Tuna, kimilerini kızdıracak, kimilerinin ise yüzünde tebessüm oluşturacak yazısında özetle şunları kaydetti:

"Sarıklı cübbeli birtakım muhteremlerin sokaklarda, dükkânlarda, bazen de birahanelerde "tebliğ" ettiklerine dair haberler hız kesmiyor.

Eskiden bunlardan daha çok vardı, ama bu kadar gündeme gelmezlerdi.

İlk gençlik yıllarımızda, okey oynadığımız kahvehaneye sıklıkla gelirler, "tebliğlerini kayarlar", kahvehane ahalisi de bunları saygıyla dinlerlerdi. Onlar gittikten sonra da hiçbir şey olmamış gibi kaldıkları yerden oyunlarına devam ederlerdi.

Yine böyle bir akşam gelmişler, "tebliğlerini" yapmışlardı. Tam gideceklerken, "Hocam!" dedim, "İçinizden biri sevabına elime baksın, ben de gidip yatsı namazını kılıp geleyim." Biraz mırın kırından sonra içlerinden biri masaya oturdu...

Yatsıyı kılıp geldim. Arkadaşlar, "Yav geç yerine, hoca iflahımızı kesti" dediler.

"Tebliğci muhteremin" ıstakasına baktım. Bütün taşlar karman çorman, bir tane per yoktu.

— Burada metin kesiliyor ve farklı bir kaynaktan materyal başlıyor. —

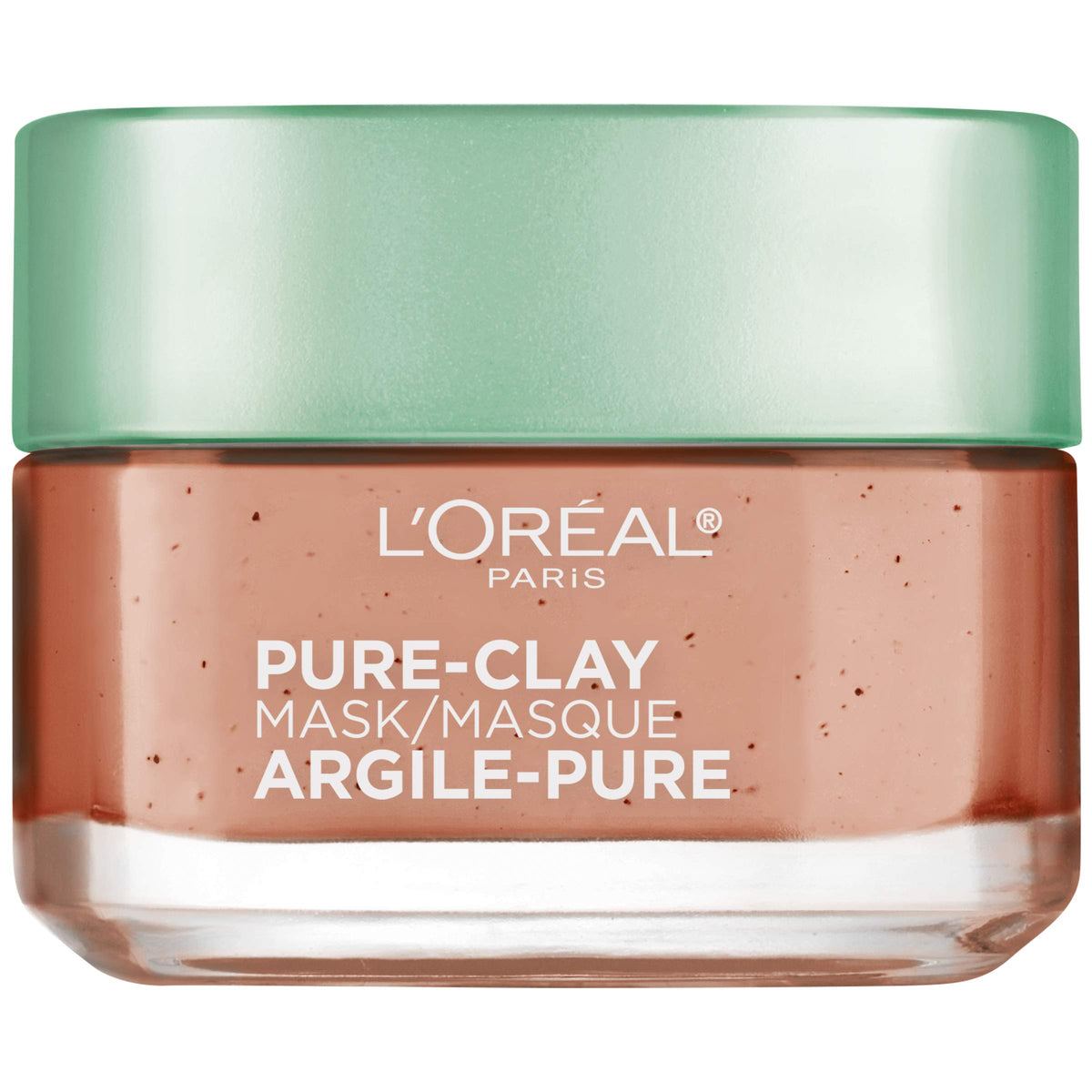 L'Oreal Paris Mascarilla arcilla pura alga roja, exfolia suavemente y refina poros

Arkadaşların şaka yaptığından emin oldum. "Hocam, kalkabilirsiniz!" dedim. "Bir saniye" dedi, yerden bir taş çekti, ıstakasına ters koyduğu taşı çevirip dışarı "pat" diye koydu. Arkadaşlar "Yine okey attı" diye ünlediler. Istakasını göstermesiyle yan yana gelişigüzel dizdiği taşları müthiş bir el çabukluğuyla per haline getirmesi bir oldu.

"Hocam" dedim, "Ayıptır sorması, taş mı çaldın, ne yaptın?"

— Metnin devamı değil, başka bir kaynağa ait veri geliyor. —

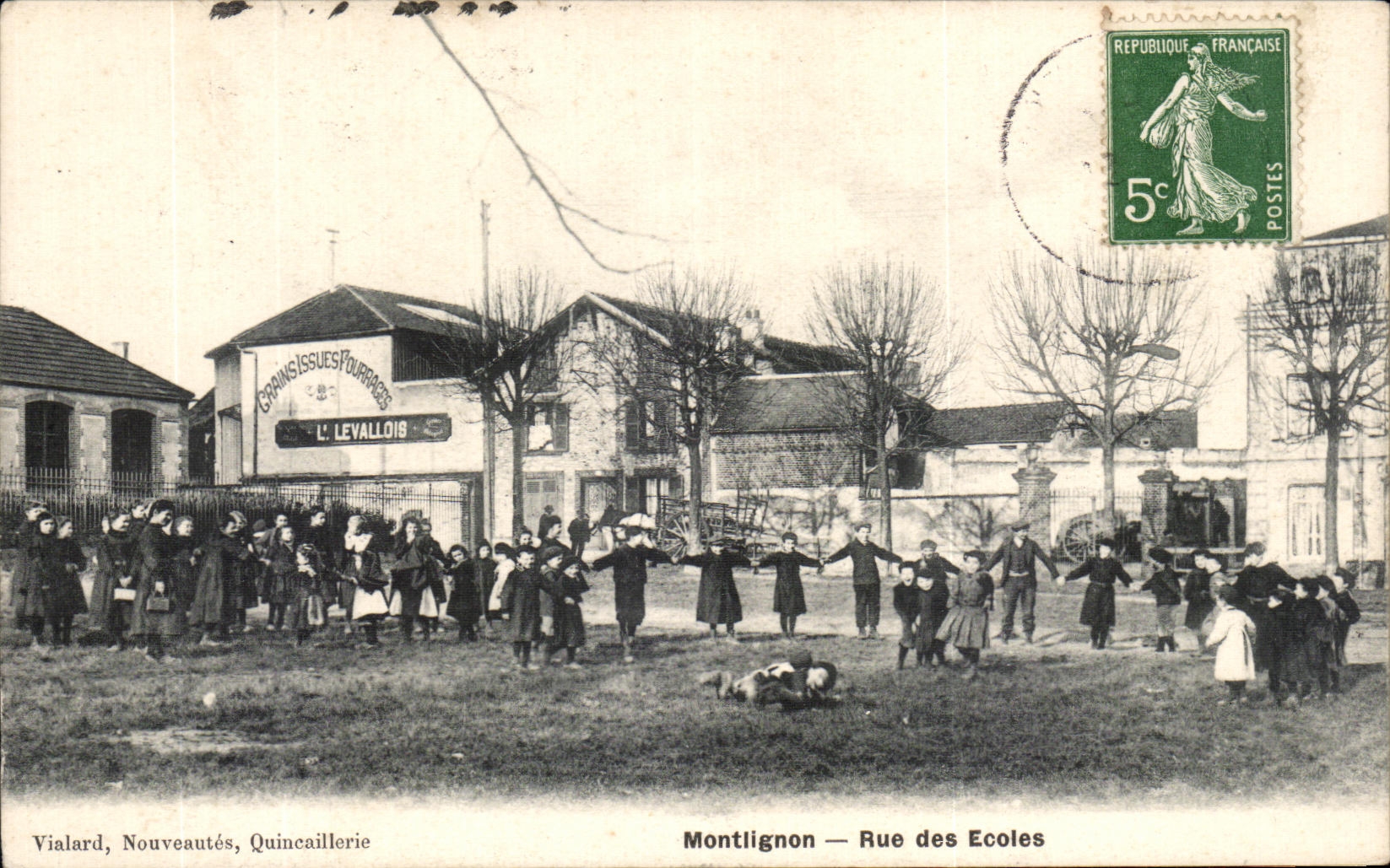 CPA Montlignon Street Of the Schools Children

"Bizde yamuk olmaz!" diyerek ayağa kalktı, "Allah kabul etsin namazını, dua et bize..." diye de ekledi. Sonra da hep birlikte suhuletle gittiler.

Demem o ki, ey "genç çeri", gördüğün her sakallı deden olmadığı gibi her cübbeli sarıklı da seralarda yetişmedi.

İçlerinde zengini, fakiri, cahili, kültürlüsü, feleğin çemberinden geçeni, eski rockçısı, taşralısı, velhasıl her türlüsü var.